At the stroke of the 18th minute the light goes off and comes on intermittently marked by the rhythm of Bingo Bongo.
From the darkness crawls an ignoble spirit with stocky features with a guttural voice leads us astray to the gates of the gulf.
The air suddenly becomes warm, the current dilates.
The internal whistle of the bowels resounds from the deepest abysses
The shadow of his pain vanishes in the wake of a final sound sedimentation.
That’s the description, half narrative and half composition of place, for the new album Bijù Bazar by Jugodefatuo, a pseudonym of the Italian sculptor and musician Claudio Fedele. The six tracks which stretch out for just over 36 minutes arrive on Discrepant’s cassette imprint Sucata Tapes, which offers another summary depiction of the record, writing that ‘Ancient Italian Ghosts step into the sugar Bijú Bazar, layers of ancestral flow prompted by Folklore and Tradition: the Inner Whistle of Sub Tropical Realism’.
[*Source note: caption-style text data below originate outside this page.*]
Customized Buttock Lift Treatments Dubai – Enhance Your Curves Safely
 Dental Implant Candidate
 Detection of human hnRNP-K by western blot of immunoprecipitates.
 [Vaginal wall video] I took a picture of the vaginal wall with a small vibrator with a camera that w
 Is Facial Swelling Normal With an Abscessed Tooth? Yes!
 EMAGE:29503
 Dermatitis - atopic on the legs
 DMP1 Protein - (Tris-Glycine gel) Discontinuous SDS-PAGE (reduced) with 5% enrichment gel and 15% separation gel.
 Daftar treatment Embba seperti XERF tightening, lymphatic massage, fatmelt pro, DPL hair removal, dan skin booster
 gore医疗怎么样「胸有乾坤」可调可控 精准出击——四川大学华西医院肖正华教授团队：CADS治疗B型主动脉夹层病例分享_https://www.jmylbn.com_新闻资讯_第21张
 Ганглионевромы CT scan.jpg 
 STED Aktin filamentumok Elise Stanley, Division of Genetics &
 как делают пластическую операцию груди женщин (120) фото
Those snippets are suitably suggestive, for Bijù Bazar sounds like some hallowed yet ghastly ritual, an ode to lands and times and a kindred people that our collective memory having cast aside soon forgot. Perhaps it was better left that way, but what Jugodefatuo summons up on Bijù Bazar sticks in the memory, one of the most beguiling and intoxicating and altogether strange records I’ve heard this year.
Blending electronics and field recordings with submerged instrumentation and passages of rasping, shamanistic or even fiendish voice, at times the record seems to both swallow up and conjure brass bands, Andean pan flute, the conch shell trumpets of the Pacific islands and gamelan ensembles while snatches of field recordings evoke tropical birds and cauldrons of bats in dank caves. Through loping communal rhythms and more menacing ambiances, the other comparison which springs to mind is of the demonic circus master Papa Lazarou who tormented the denizens of Royston Vasey in the BBC Two series The League of Gentleman wearing a top hat while apparently daubed in blackface.